Si le mot « origine » n’existait pas, on ne rechercherait pas une origine à l’univers. Et si le mot origine existe, c’est parce que les humains, à leur échelle humaine, en ont eu besoin. Qui nous dit que nous pouvons « penser » en dehors de l’échelle humaine ? Qui nous permet de croire que l’infiniment petit et l’infiniment grand sont accessibles, là où les mots humains n’ont plus prise, à une pensée contaminée à jamais par un vocabulaire et un formalisme empruntés aux habitudes de l’échelle humaine ? Il faudrait s’extraire de toute humanitude pour penser ces échelles dont les concepts échappent sûrement à ceux dans lesquels nous sommes enfermés. Les théories les plus audacieuses sont toujours prisonnières de l’audace, car même l’audace n’est qu’humaine. Dans cette prison, où l’humilité semble vouloir l’emporter, peut résider notre grandeur. La noblesse de la science, et de la physique, réside précisément dans sa volonté de vouloir longtemps encore se tromper. Et d’adorer cela.

7 Commentaires

  1. Bonjour,

    L’esprit a sans doute une histoire, mais il n’y a pas d’histoire de l’esprit.
    Vous êtes invité à visiter mon blog (fermaton.over-blog.com), le code d’Einstein. C’est une théorie mathématique de la conscience humaine.

    Cordialement

    Clovis Simard

  2. Avant de prouver ou chercher une chose, on doit la définir.
    Chacun de nous perçois dieu selon ses convictions personnelles, religieuses, culturelles…..
    Dans la science, il faut bien définir « lequel des dieux » qu’on veut prouver sa compatibilité avec les lois de la physique. C’est possible que le dieu selon la conception de Stephen Hawking et scientifiquement parlant n’existe pas. Ce n’est pas une conclusion absolue.
    La question qu’on doit se poser : Dieu est’il définissable ?
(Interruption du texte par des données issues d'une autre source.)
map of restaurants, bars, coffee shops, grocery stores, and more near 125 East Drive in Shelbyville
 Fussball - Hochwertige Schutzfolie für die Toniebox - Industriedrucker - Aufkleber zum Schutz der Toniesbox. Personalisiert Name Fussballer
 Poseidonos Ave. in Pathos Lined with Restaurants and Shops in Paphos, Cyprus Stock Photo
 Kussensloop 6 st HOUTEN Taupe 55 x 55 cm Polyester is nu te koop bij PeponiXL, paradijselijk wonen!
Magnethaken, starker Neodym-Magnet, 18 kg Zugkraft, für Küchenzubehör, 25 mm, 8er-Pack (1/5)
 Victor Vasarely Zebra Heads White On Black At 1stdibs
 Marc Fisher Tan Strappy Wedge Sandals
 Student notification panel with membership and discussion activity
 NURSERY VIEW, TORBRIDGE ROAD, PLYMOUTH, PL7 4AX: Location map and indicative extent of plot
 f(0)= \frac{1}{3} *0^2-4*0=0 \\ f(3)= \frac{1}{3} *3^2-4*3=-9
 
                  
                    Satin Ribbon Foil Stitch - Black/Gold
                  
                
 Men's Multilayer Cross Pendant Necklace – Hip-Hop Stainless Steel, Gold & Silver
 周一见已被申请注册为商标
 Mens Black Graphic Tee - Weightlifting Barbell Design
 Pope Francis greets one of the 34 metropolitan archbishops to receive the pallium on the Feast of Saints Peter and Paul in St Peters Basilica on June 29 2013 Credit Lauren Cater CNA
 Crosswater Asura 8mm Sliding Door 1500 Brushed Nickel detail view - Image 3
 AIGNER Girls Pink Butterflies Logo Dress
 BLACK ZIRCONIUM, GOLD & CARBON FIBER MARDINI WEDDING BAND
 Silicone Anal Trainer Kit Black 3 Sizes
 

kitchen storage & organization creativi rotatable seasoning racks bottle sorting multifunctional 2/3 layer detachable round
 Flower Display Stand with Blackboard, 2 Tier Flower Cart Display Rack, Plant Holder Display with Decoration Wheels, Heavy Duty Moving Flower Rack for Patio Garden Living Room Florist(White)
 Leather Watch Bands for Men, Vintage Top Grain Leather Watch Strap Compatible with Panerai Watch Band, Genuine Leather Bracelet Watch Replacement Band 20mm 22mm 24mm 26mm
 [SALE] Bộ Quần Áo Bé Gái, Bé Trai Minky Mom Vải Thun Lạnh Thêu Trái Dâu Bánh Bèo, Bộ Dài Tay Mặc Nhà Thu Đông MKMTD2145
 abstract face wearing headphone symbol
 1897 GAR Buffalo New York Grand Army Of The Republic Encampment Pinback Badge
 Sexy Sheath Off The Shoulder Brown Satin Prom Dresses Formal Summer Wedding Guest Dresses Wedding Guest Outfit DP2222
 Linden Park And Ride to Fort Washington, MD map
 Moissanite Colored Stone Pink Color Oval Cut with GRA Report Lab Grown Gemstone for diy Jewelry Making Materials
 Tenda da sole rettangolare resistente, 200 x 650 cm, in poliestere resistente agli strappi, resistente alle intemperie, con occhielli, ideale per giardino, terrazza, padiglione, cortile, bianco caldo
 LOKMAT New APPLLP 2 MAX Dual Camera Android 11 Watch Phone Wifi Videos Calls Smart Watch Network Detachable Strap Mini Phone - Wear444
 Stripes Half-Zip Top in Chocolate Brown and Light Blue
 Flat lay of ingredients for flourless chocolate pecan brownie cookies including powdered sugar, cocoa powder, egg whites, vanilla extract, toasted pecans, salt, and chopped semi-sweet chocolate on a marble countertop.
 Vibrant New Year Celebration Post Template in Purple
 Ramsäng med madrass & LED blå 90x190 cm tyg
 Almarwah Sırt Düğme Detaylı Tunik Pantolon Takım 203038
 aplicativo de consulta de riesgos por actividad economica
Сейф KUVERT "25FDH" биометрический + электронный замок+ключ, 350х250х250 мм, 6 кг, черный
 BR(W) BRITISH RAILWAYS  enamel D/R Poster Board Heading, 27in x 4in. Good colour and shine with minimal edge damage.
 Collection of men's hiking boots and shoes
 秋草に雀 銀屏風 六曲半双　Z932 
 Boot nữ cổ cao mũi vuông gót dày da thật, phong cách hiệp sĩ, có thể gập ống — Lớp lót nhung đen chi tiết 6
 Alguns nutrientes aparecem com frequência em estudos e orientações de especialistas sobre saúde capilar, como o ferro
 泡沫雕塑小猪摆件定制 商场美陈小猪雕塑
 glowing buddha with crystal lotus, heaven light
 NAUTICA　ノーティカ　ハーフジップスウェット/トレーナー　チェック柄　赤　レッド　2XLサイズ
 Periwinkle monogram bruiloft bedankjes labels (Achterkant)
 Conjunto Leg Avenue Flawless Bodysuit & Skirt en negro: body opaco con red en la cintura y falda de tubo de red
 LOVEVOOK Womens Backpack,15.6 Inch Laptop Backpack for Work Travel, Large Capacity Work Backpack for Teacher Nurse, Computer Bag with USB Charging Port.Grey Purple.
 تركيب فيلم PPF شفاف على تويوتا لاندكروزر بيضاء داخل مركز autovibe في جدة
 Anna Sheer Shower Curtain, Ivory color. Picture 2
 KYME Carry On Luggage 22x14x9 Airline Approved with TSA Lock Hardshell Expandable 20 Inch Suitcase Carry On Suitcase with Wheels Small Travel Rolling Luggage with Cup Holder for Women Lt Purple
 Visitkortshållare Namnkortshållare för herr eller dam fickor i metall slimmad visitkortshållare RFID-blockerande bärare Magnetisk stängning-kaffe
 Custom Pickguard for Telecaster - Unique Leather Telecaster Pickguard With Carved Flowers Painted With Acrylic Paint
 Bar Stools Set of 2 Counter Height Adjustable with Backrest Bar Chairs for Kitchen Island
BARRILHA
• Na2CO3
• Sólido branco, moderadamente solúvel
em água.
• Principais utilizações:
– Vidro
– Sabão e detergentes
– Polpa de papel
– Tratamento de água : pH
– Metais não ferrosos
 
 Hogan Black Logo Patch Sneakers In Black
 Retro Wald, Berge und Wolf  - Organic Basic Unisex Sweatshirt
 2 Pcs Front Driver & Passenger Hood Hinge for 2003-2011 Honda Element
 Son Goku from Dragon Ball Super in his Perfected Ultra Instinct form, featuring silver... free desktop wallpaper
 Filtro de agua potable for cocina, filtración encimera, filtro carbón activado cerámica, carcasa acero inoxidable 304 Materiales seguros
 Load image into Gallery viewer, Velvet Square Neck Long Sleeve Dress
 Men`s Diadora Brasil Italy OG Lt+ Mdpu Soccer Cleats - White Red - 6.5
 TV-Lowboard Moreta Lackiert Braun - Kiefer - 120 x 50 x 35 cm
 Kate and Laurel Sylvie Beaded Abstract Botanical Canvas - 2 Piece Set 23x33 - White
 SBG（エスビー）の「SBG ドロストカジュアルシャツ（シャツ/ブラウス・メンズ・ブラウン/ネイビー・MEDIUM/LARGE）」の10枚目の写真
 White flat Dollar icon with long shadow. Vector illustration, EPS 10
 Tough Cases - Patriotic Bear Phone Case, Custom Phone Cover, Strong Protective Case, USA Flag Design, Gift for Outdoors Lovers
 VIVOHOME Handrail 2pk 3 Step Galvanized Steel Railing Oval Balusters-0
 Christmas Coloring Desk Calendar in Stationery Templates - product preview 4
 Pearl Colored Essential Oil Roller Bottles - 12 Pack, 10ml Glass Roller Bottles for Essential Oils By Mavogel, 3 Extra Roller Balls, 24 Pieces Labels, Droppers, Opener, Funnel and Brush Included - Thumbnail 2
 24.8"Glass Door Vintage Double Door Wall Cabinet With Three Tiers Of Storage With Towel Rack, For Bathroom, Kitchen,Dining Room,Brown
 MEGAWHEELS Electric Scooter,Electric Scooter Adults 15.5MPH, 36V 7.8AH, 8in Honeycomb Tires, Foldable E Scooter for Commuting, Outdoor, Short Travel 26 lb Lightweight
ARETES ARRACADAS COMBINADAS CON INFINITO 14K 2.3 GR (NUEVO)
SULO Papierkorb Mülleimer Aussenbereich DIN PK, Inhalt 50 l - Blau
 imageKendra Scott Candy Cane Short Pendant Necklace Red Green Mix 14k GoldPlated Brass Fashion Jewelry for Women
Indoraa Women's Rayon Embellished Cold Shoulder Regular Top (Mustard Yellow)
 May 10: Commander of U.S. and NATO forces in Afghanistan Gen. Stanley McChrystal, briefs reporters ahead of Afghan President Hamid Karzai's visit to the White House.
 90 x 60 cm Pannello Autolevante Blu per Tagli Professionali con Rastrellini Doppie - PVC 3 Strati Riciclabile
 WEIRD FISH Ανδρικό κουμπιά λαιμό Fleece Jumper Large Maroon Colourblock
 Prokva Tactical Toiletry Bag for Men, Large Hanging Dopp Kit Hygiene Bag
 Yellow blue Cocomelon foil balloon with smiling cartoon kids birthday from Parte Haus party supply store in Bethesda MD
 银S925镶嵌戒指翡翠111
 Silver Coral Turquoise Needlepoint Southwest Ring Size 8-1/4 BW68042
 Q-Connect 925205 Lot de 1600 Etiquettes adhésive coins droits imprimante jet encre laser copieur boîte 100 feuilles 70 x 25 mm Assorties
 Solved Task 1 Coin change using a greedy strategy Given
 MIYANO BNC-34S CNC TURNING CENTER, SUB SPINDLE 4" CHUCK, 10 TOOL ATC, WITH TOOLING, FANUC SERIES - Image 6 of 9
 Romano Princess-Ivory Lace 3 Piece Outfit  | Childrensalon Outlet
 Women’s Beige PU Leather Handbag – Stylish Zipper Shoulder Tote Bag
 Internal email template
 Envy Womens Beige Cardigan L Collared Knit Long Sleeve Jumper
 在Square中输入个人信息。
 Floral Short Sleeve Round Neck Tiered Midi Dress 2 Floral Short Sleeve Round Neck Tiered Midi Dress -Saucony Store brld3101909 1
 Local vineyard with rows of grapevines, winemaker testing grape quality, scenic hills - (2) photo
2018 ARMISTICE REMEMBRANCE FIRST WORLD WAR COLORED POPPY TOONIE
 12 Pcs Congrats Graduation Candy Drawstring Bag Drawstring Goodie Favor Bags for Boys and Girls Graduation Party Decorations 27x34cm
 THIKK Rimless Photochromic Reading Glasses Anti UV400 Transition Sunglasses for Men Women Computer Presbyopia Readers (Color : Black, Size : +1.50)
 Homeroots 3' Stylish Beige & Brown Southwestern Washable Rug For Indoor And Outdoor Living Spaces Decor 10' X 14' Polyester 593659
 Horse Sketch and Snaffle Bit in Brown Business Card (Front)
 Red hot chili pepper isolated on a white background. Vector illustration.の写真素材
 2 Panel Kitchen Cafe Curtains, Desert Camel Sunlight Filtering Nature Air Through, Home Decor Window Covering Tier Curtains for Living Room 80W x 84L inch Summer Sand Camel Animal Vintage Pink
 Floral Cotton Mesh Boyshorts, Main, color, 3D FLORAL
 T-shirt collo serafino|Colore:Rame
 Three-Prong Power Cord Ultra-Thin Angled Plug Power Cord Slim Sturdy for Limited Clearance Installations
  3. Rien à dire contre ce texte qui, étonnamment de la part de Moix, relève d’une grande pertinence. Mais alors que dire du concept « Dieu », invention purement humaine, trop humaine. Sans parler des livres « révélés » écrits par des hommes pour des hommes au mépris du réel. Au moins les mathématiques, les sciences en général, sont évolutives, alors que les religions stagnent dans leurs postulats inébranlables. Par ailleurs, on n’a jamais fait la guerre au nom des mathématiques ! A tout prendre, l’esprit humain, s’il ne peut sortir de sa condition et tout imparfait qu’il soit, s’invente grâce aux maths une musique cosmique et poétique sans barrière raciale ni ethnique (et qui plus est fort utile au quotidien).

  4. Moi les humains je les trouve droles. Par exemple, ils font preuve d’humilite devant Dieu, mais ils utilisent des termes comme « Parole divine », qui deja sous entendent que Dieu est relativement humain, ce qui parait presomptueux.
    Donc l’exercice du jour est : classer les 4 paires de mots suivantes par ordre de debilite :
    1-parole divine
    2-parole cephalopode
    3-miaulement divin
    4-flatulence divine

  5. Monsieur Stephen Hawking, la sagesse chinoise nous rappelle que le lieu le plus sombre est… sous la lampe (lemonde. 01/11/10).
    Vous devriez vous éloigner un peu. Ce que vous n’avez pas trouvé, (ayez la modestie de penser que) cela existe peut-être.

  6. Alors ça ! Sur le séant et plein d’émoi
    Laisse l’océan de lumière de MOIX!!!
    Encore! Encore! Encore! Encore!
    Quand la RDJ plane à de telles hauteurs, je souscris, j’agrée, je plébiscite en un mot j’approuve.
    Lorsque l’Humain croit en lui-même, il fait bien.
    Lorsqu’il est sur de lui, il a tord.
    Lorsque cet humain qui est sûr de lui est un scientifique, il est à lui seul une catastrophe ambulante, il est un criminel «  » entrainant la mort spirituelle avec intention de la donner » ».

    Signé d’un cherchant tout ce qu’il y a de scientifique
    PS c’est vraiment de vous ce manifeste? Vous mêritez que l’on vous nomme Docteur Honoris Cosae en Big Bang Intello-Spirituel.